È discutibile, inoltre, che la presenza di un parco in un quartiere ne stabilizzi i valori immobiliari e ne aumenti la vivibilità: i parchi, infatti, sono luoghi mutevoli che cambiano in relazione alla frequentazione da parte delle famiglie, alla presenza nel loro contesto di piccole attività commerciali, alla cura che viene loro riservata, all'intensità del degrado e all'eventuale loro uso improprio. Come, infine, anche è dubitabile che i parchi facciano sempre godere la vista: la loro bellezza molto spesso è inversamente proporzionale alla fruibilità, nel senso che più sono curati meno sono utilizzabili per usi quotidiani, come ad esempio il passeggiare i cani.
Insomma un parco può essere una risorsa come può diventare un problema: tutto dipende non tanto da come lo si fa ma da dove lo si posiziona, da come lo si usa, dai servizi in esso presenti, dall'ambiente civico che lo circonda, dalla fauna umana che lo frequenta.
Le idee urbanistiche che piovono dall'alto, come la religiosa venerazione del concetto di spazio pubblico e la sognante adorazione del feticcio verde, possono arrecare più danni di quanto non ne derivino da un'insufficiente sensibilità ecologica. Si sono mai chiesti gli acritici epigoni del verde pubblico urbano, come fatto dall'urbanista Jane Jacobs nel suo The Death and Life of Great American Cities, perché "spesso manchi la gente dove vi sono parchi e questa brulichi là dove i parchi non vi sono"?
L'insuccesso di tanti parchi è determinato dall'essere inadatti, per collocazione e forma e dimensione oltre che per la mancanza di infrastrutture e attività commerciali o ricreative, ad assolvere la funzione di spazio pubblico fruibile quotidianamente: la mancanza di utenti fa sì che questi da risorsa divengano un problema, sia gestionale che di sicurezza.
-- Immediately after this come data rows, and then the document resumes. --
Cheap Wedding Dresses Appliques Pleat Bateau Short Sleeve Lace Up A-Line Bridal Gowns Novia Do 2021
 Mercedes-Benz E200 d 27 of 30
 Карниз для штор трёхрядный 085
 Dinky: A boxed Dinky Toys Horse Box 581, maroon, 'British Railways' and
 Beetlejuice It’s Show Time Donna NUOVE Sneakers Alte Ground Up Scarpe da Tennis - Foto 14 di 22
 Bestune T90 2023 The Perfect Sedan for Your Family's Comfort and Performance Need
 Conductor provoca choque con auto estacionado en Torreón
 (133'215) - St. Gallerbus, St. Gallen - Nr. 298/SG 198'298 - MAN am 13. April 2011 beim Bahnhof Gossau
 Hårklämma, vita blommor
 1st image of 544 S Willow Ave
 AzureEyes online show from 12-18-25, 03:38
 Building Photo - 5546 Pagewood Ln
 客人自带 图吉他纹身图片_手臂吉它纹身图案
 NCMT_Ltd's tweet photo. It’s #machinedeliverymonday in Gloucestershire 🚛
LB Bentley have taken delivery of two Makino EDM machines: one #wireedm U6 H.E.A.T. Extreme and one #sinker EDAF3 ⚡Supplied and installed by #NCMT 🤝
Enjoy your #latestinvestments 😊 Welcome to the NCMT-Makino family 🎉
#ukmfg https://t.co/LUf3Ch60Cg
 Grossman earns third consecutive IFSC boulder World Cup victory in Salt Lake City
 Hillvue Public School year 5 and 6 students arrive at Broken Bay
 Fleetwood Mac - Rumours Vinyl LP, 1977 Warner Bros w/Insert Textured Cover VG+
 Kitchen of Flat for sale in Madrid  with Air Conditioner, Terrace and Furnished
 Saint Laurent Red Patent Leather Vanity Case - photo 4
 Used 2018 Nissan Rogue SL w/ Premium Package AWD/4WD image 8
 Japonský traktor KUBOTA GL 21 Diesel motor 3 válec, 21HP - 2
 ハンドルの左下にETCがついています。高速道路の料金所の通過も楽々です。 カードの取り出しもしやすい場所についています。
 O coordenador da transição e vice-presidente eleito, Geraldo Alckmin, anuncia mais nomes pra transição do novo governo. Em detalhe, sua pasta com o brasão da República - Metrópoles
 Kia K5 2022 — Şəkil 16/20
Ancora la Jacobs: "I parchi, come i marciapiedi o le piazze, non sono astrazioni né sono automaticamente dotati di qualità positive e influssi benefici: acquistano un senso solo se visti nei loro usi pratici e tangibili, quindi negli effetti concreti esercitati su di essi, in bene e in male, dall'ambiente urbano circostante."
Pensiamo ora al parco urbano reggino soprannominato "del tempietto": dal difficile accesso, senza servizi, non controllabile (se non tramite una costante presenza che somiglierebbe a quella dell'ufficiale di guardia nel "Deserto dei Tartari"), sostanzialmente avulso dal contesto urbano e senza interazione con esso, non utilizzabile se non sporadicamente per fiere o mostre, troppo grande per essere un giardinetto ben curato e troppo piccolo per essere un parco metropolitano in grado di ospitare infrastrutture di una certa importanza, sporco e degradato, ricettacolo di varia umanità e pericoloso da frequentare dopo il tramonto, è il paradigma di quanto detto prima: da potenziale risorsa è divenuto un problema.